SCMS Panel: Indigeneity and Horror
https://call-for-papers.sas.upenn.edu/cfp/2019/07/08/scms-panel-indigeneity-and-horror

deadline for submissions: July 31, 2019
full name / name of organization: Murray Leeder
contact email: murray.leeder@nucleus.com

In his classic essay “An Introduction to the American Horror Film,” Robin Wood establishes the basic formula of the horror film as “normality is threatened by the monster.” He subsequently mentions that if one were to “substitute for ‘Monster’ the term ‘Indians’ . . . one has a formula for a large number of classical Westerns.” Wood’s point is to establish the flexibility of his framework but it also points in another direction: the monstrousness of the idea of Indigeneity within the colonial mindset. Today, one of the most exciting growing areas in horror cinema at the moment comes from Indigenous persons. In Canada, Jeff Barnaby (Mi’gmaq) will soon release Blood Quantum (2019), a zombie film set on the same reserve as his earlier Rhymes for Young Ghouls (2013) -- which Scott Pewenofkit has suggested “may be the first truly Indigenous horror film,” dipping as it does into the representational space of the horror film (the zombie film, especially) to allegorize the real-life, genocidal horrors of the residential school system.

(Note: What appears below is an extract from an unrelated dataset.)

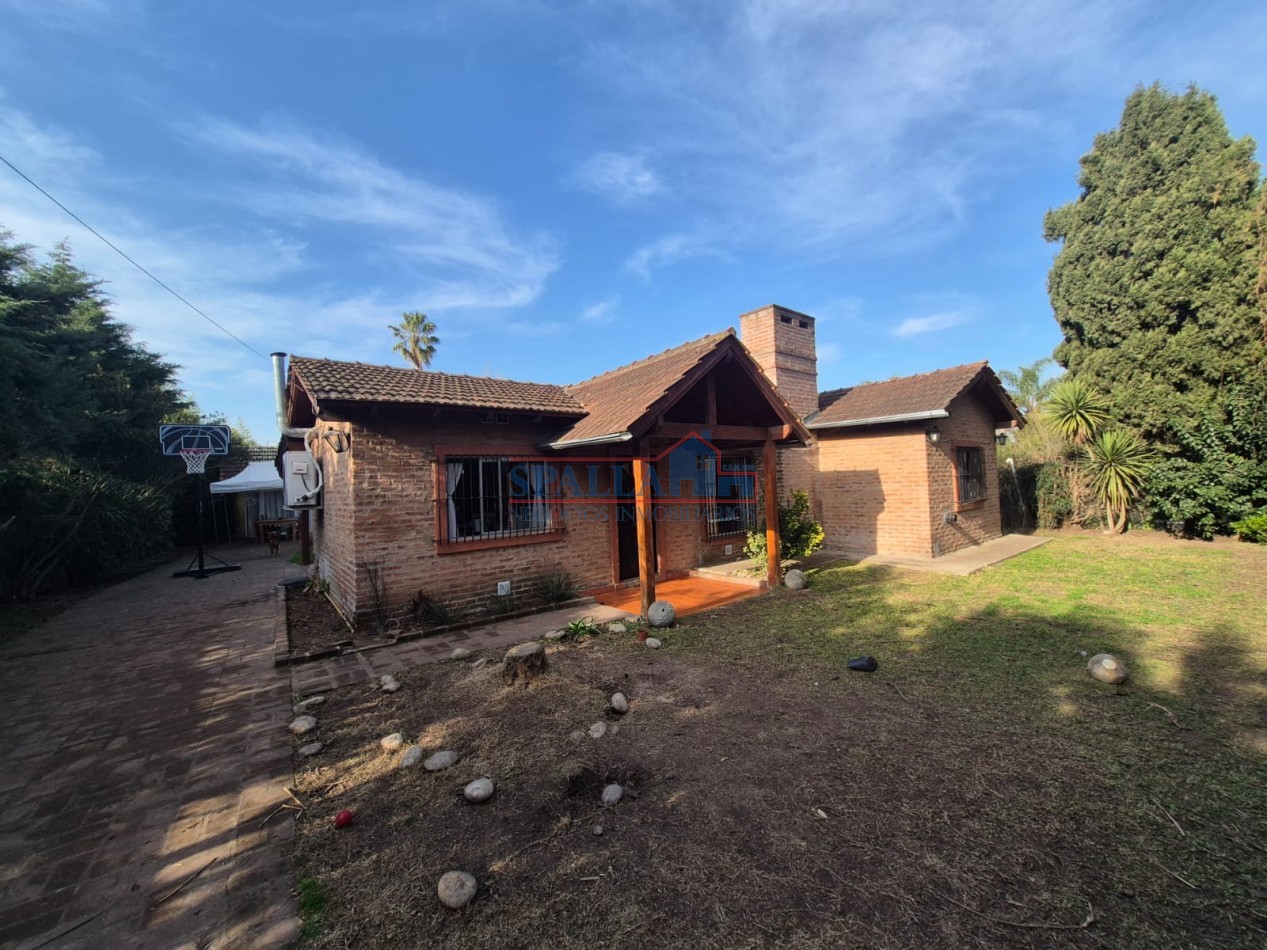 VENTA CASA BARRIO PARQUE SAKURA EXALTACION DE LA CRUZ SIN EXPENSAS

Only recently has scholarship emerged on distinctly Indigenous horror and Gothic literature and film; examples include Joy Porter’s chapter in The Palgrave Handbook to Horror Literature (2018), Ariel Smith’s article “This Essay Was Not Built On an Ancient Indian Burial Ground” (2014) and Gail de Vos and Kayla Lar-son’s contribution to The Horror Companion (2019). This panel asks: how does Indigenous horror contribute to or even challenge our understanding of the horror genre and of horror theory?

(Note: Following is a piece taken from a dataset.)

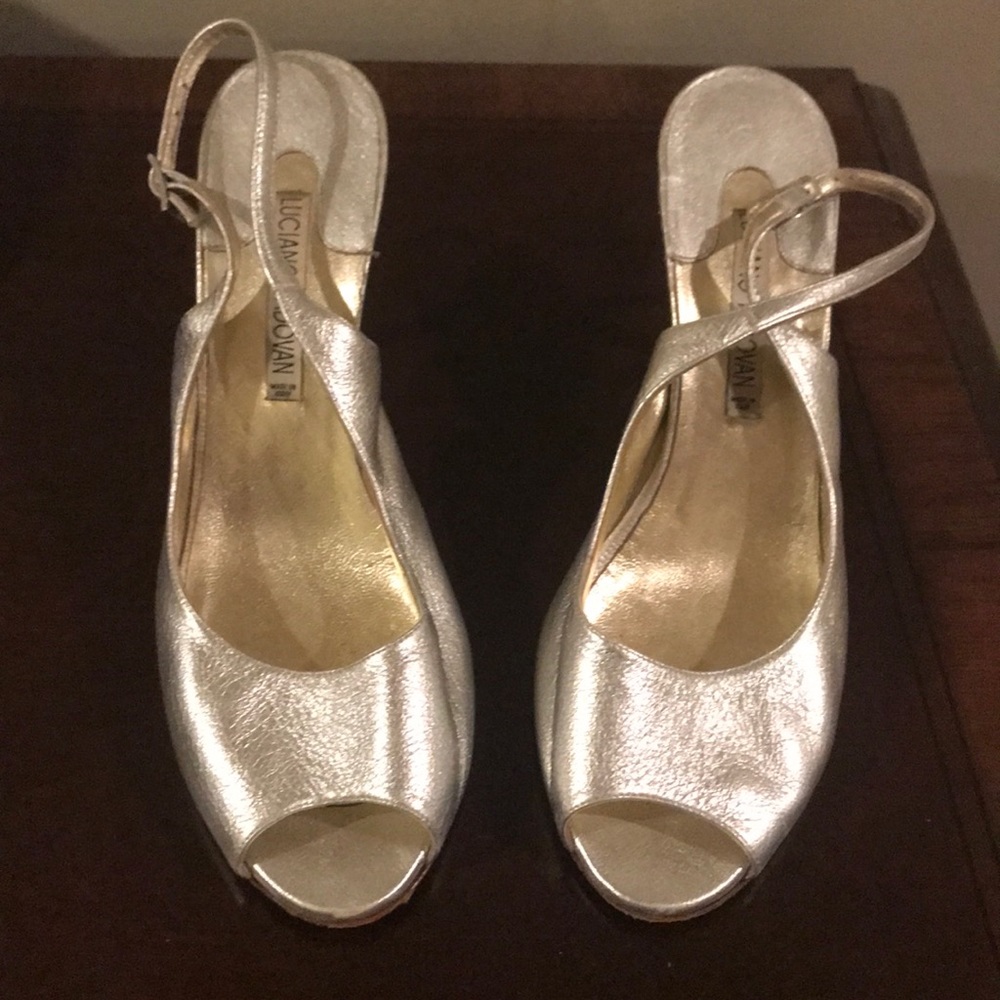 Silver matte Luciano Padovan 4’’ heels size 10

We seek papers for the 2020 SCMS conference in Denver. Topics may include:



  • Particularities of different settler-colonialist nations (Canada, the United States of America, New Zealand, Australia, etc.) and their film industries
  • The monster as a figure of Othering vs. a figure of resistance
  • The relationship of Indigenous horror literature and film
  • Reinterpretations of classic horror narratives are ripe for revisiting through the lens of Indigeneity
  • Indigenous spins of familiar horror figures (vampire, zombie, werewolf, ghost, etc.), and conversely, settler appropriation of folkloric figures like the Wendigo
  • Cycles of horror production that have favoured Indigenous characters and themes (e.g. ‘70s eco-horror)
  • Genre hybridity (the Western, science fiction, fantasy, magic realism, drama, comedy, romance, etc.)
  • Film festivals, funding structures, etc.




Please submit a title, an abstract (max. 2500 characters), a bio (max. 500 characters), and 3–5 bibliographic sources to murray.leeder@nucleus.com and gdrhodes@gmail.com by August 1. Responses will be given by August 13.



Murray Leeder holds a Ph.D. from Carleton University and is a Research Affiliate at the University of Manitoba. He the author of Horror Film: A Critical Introduction (Bloomsbury, 2018), The Modern Supernatural and the Beginnings of Cinema (Palgrave Macmillan, 2017) and Halloween (Auteur, 2014), as well as the editor of Cinematic Ghosts: Haunting and Spectrality from Silent Cinema to the Digital Era (Bloomsbury, 2015) and ReFocus: The Films of William Castle (Edinburgh University Press, 2018), as well as numerous articles and book chapters.


Gary D. Rhodes currently serves as Associate Professor of Film and Mass Media at the University of Central Florida, Orlando. He is the author of Emerald Illusions:  The Irish in Early American Cinema (IAP, 2012), The Perils of Moviegoing in America (Bloomsbury, 2012), and The Birth of the American Horror Film (Edinburgh University Press, 2018), as well as the editor of such anthologies as Edgar G. Ulmer:  Detour on Poverty Row (Lexington, 2008), The Films of Joseph H. Lewis (Wayne State University, 2012), and The Films of Budd Boetticher (Edinburgh University Press, 2017). Rhodes is also the writer-director of such documentary films as Lugosi: Hollywood's Dracula (1997) and Banned in Oklahoma (2004).  Forthcoming from Edinburgh University Press is the monograph Consuming Images:  Film Art and the American Television Commercial, coauthored with Robert Singer.